* DATA:
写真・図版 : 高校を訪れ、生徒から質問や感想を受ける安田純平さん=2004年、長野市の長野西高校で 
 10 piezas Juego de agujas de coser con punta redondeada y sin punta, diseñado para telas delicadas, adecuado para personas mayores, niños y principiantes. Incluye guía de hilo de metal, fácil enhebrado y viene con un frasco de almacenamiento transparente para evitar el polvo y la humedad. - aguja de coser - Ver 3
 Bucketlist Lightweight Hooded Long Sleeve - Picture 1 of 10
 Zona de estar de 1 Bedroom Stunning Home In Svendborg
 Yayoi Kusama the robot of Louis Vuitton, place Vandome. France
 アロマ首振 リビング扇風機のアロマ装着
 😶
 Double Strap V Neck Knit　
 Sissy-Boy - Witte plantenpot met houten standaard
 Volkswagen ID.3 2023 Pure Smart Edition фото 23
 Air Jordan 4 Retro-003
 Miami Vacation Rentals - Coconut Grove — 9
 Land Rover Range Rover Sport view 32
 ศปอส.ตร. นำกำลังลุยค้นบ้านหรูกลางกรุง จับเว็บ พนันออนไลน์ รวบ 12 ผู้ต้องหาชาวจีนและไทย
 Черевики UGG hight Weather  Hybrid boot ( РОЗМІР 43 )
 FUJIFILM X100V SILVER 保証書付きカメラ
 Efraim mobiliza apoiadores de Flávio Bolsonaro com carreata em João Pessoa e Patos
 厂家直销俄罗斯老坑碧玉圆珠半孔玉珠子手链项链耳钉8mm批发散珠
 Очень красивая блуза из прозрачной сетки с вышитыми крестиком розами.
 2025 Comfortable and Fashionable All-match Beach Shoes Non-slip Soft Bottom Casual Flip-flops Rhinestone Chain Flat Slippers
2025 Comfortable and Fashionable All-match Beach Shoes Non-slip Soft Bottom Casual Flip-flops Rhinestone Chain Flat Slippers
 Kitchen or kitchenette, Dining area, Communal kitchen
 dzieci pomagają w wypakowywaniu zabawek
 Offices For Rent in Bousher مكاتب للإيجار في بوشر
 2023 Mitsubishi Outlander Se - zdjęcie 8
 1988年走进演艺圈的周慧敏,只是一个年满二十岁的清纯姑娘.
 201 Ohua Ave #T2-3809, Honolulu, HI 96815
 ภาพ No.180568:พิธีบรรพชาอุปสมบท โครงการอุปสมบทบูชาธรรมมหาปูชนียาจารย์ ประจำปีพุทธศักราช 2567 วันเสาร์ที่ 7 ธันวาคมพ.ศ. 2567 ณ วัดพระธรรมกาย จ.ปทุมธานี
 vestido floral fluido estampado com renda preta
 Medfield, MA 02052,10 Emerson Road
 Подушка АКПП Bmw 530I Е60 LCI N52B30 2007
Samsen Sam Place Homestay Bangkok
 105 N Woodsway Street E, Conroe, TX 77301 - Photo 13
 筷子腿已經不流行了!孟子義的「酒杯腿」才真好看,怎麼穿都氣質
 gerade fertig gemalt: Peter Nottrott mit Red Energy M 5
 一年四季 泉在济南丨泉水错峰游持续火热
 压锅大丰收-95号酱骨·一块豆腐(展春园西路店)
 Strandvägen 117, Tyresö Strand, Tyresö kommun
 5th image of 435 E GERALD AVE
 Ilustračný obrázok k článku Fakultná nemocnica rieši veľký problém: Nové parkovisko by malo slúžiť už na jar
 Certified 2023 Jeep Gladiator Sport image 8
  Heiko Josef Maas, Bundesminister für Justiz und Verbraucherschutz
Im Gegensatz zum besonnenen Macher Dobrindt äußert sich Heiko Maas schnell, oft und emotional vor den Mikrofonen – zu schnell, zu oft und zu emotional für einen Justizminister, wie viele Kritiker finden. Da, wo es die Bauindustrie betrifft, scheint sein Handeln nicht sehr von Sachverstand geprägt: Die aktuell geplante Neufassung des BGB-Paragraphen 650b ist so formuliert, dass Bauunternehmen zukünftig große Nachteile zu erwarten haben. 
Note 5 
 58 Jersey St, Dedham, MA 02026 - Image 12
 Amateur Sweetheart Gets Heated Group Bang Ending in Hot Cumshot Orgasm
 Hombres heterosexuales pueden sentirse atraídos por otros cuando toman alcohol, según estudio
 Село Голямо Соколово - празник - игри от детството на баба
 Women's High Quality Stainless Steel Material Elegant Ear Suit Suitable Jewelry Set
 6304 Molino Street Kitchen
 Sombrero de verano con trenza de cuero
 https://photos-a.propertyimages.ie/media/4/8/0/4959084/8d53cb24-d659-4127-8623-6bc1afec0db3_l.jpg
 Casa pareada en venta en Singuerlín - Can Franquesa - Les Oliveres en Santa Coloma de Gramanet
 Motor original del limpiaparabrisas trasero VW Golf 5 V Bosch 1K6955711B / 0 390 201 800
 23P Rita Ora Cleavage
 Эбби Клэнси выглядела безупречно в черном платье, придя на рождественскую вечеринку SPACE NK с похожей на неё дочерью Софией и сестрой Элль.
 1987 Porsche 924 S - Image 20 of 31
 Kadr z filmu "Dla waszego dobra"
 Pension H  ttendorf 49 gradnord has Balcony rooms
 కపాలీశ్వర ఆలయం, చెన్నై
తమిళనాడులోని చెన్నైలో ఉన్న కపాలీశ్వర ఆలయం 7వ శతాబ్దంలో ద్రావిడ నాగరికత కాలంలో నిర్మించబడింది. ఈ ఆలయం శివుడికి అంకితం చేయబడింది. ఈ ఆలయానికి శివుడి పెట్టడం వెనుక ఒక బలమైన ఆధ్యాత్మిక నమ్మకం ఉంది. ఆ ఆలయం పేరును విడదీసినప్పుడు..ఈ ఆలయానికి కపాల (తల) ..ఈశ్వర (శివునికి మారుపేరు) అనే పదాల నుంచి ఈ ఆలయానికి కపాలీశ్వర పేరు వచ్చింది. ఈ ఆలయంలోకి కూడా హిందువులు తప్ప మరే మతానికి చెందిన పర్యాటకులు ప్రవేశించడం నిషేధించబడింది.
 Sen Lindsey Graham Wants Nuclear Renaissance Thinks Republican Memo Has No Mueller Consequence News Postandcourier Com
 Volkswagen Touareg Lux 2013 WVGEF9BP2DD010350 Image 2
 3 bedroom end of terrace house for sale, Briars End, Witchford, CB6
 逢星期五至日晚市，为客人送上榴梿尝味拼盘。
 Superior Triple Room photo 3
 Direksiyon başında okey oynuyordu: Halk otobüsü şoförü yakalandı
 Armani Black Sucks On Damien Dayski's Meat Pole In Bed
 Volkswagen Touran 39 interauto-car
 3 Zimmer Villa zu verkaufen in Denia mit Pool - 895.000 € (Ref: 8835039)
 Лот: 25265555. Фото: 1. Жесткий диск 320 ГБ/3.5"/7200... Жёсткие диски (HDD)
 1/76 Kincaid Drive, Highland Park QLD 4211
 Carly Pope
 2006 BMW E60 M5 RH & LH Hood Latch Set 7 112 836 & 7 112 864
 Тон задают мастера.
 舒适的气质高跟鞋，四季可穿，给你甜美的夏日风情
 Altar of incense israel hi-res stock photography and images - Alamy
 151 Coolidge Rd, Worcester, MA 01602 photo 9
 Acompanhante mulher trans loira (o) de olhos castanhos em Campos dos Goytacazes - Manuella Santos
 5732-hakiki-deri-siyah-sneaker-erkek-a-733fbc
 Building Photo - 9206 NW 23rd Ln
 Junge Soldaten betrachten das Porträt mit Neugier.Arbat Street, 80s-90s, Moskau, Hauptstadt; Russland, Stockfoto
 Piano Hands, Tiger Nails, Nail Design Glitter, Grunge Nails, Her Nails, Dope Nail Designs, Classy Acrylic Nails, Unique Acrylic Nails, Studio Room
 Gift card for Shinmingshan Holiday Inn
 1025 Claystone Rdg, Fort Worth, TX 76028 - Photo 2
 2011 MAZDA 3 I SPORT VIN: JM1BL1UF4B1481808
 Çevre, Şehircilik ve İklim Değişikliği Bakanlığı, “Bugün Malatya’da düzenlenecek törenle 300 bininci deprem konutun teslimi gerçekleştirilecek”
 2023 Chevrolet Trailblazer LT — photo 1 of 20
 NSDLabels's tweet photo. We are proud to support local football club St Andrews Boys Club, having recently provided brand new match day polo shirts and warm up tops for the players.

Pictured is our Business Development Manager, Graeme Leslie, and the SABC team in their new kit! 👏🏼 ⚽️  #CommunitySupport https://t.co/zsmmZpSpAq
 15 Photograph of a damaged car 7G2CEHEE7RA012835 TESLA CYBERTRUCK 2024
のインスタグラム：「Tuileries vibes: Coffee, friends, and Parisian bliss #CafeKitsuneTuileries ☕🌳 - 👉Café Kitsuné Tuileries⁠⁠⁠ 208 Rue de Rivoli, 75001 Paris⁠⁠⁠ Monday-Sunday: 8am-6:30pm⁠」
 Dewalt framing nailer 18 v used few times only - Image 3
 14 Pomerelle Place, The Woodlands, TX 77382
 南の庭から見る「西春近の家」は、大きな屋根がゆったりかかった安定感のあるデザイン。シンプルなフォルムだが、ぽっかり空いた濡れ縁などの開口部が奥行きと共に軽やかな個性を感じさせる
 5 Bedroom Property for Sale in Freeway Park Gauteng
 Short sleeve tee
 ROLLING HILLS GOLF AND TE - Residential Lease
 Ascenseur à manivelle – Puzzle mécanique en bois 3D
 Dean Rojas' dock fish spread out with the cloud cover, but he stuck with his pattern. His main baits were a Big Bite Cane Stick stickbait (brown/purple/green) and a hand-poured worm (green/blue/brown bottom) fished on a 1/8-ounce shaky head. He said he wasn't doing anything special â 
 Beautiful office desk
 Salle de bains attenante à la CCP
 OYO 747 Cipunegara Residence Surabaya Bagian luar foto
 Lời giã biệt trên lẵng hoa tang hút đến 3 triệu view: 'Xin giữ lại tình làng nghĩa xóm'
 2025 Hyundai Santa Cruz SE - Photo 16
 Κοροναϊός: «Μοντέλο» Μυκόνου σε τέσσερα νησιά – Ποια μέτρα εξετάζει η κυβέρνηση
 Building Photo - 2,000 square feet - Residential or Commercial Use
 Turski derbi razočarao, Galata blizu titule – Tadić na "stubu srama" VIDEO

* YOUR ASSIGNMENT: Going back to the entries above, set down exactly the lines that begin at the one with "Certified 2023 Jeep Gladiator Sport image 8" and end at the one with "కపాలీశ్వర ఆలయం, చెన్నై", both included, and nothing else.

* TASK OUTPUT:
 Certified 2023 Jeep Gladiator Sport image 8
  Heiko Josef Maas, Bundesminister für Justiz und Verbraucherschutz
Im Gegensatz zum besonnenen Macher Dobrindt äußert sich Heiko Maas schnell, oft und emotional vor den Mikrofonen – zu schnell, zu oft und zu emotional für einen Justizminister, wie viele Kritiker finden. Da, wo es die Bauindustrie betrifft, scheint sein Handeln nicht sehr von Sachverstand geprägt: Die aktuell geplante Neufassung des BGB-Paragraphen 650b ist so formuliert, dass Bauunternehmen zukünftig große Nachteile zu erwarten haben. 
Note 5 
 58 Jersey St, Dedham, MA 02026 - Image 12
 Amateur Sweetheart Gets Heated Group Bang Ending in Hot Cumshot Orgasm
 Hombres heterosexuales pueden sentirse atraídos por otros cuando toman alcohol, según estudio
 Село Голямо Соколово - празник - игри от детството на баба
 Women's High Quality Stainless Steel Material Elegant Ear Suit Suitable Jewelry Set
 6304 Molino Street Kitchen
 Sombrero de verano con trenza de cuero
 https://photos-a.propertyimages.ie/media/4/8/0/4959084/8d53cb24-d659-4127-8623-6bc1afec0db3_l.jpg
 Casa pareada en venta en Singuerlín - Can Franquesa - Les Oliveres en Santa Coloma de Gramanet
 Motor original del limpiaparabrisas trasero VW Golf 5 V Bosch 1K6955711B / 0 390 201 800
 23P Rita Ora Cleavage
 Эбби Клэнси выглядела безупречно в черном платье, придя на рождественскую вечеринку SPACE NK с похожей на неё дочерью Софией и сестрой Элль.
 1987 Porsche 924 S - Image 20 of 31
 Kadr z filmu "Dla waszego dobra"
 Pension H  ttendorf 49 gradnord has Balcony rooms
 కపాలీశ్వర ఆలయం, చెన్నై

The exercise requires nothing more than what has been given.